- What you need to do
Find the line in the data below that contains "Как сделать отбеливание". Return that line and all the lines after it, unchanged.

== Segment start ==

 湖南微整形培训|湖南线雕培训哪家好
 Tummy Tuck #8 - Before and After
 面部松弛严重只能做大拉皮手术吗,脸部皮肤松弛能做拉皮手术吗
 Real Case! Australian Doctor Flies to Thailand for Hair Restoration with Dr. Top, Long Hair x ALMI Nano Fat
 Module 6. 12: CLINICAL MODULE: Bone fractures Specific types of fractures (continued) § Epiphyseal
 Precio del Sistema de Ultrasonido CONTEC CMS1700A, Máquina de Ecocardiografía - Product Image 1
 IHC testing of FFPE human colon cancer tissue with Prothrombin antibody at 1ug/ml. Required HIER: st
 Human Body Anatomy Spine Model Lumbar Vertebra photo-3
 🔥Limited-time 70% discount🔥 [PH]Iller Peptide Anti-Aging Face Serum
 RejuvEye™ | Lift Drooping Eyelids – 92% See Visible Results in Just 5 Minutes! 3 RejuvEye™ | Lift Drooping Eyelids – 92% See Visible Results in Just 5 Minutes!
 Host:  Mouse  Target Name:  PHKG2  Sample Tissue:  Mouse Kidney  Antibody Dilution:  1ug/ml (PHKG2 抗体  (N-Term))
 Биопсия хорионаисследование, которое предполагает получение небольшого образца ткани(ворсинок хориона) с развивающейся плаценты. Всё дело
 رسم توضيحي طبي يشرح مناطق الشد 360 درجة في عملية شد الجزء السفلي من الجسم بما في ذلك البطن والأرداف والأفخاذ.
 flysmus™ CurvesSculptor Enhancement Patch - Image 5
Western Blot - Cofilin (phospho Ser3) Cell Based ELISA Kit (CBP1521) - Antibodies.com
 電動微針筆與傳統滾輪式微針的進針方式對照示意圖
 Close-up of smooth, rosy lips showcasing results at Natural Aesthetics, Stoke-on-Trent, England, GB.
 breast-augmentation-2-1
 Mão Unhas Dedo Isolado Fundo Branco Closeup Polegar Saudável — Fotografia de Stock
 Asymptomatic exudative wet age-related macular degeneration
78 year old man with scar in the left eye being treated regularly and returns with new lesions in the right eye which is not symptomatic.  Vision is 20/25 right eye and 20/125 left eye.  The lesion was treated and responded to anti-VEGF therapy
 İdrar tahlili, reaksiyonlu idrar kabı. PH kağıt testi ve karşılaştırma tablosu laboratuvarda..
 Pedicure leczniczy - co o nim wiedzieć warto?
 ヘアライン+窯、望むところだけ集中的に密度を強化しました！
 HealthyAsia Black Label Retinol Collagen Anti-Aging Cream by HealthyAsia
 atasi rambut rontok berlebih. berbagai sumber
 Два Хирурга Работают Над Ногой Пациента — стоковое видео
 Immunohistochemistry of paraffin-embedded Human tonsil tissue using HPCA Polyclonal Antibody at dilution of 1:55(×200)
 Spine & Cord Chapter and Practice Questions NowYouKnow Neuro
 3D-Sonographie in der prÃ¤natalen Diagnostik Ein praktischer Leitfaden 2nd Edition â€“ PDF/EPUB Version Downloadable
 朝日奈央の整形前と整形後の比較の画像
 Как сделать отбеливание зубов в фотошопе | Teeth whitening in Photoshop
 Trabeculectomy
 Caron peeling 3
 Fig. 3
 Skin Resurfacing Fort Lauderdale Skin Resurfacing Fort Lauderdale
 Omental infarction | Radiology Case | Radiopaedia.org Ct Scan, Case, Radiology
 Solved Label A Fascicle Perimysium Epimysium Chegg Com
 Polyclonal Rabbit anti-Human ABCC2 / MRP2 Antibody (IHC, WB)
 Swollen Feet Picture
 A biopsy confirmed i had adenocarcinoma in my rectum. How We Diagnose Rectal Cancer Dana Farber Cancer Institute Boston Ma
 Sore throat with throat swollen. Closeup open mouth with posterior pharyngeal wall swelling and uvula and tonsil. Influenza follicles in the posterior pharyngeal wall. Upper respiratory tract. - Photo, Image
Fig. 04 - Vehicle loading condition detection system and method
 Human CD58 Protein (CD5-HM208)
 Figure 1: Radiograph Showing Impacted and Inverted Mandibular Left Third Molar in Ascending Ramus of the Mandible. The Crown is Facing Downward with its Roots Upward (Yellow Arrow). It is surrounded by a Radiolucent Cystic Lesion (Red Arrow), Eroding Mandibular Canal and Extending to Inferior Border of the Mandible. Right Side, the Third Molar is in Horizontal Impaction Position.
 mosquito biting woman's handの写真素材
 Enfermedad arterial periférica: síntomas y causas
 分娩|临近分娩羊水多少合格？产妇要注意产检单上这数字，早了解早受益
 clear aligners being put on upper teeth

== Segment end ==

- Your response
 Как сделать отбеливание зубов в фотошопе | Teeth whitening in Photoshop
 Trabeculectomy
 Caron peeling 3
 Fig. 3
 Skin Resurfacing Fort Lauderdale Skin Resurfacing Fort Lauderdale
 Omental infarction | Radiology Case | Radiopaedia.org Ct Scan, Case, Radiology
 Solved Label A Fascicle Perimysium Epimysium Chegg Com
 Polyclonal Rabbit anti-Human ABCC2 / MRP2 Antibody (IHC, WB)
 Swollen Feet Picture
 A biopsy confirmed i had adenocarcinoma in my rectum. How We Diagnose Rectal Cancer Dana Farber Cancer Institute Boston Ma
 Sore throat with throat swollen. Closeup open mouth with posterior pharyngeal wall swelling and uvula and tonsil. Influenza follicles in the posterior pharyngeal wall. Upper respiratory tract. - Photo, Image
Fig. 04 - Vehicle loading condition detection system and method
 Human CD58 Protein (CD5-HM208)
 Figure 1: Radiograph Showing Impacted and Inverted Mandibular Left Third Molar in Ascending Ramus of the Mandible. The Crown is Facing Downward with its Roots Upward (Yellow Arrow). It is surrounded by a Radiolucent Cystic Lesion (Red Arrow), Eroding Mandibular Canal and Extending to Inferior Border of the Mandible. Right Side, the Third Molar is in Horizontal Impaction Position.
 mosquito biting woman's handの写真素材
 Enfermedad arterial periférica: síntomas y causas
 分娩|临近分娩羊水多少合格？产妇要注意产检单上这数字，早了解早受益
 clear aligners being put on upper teeth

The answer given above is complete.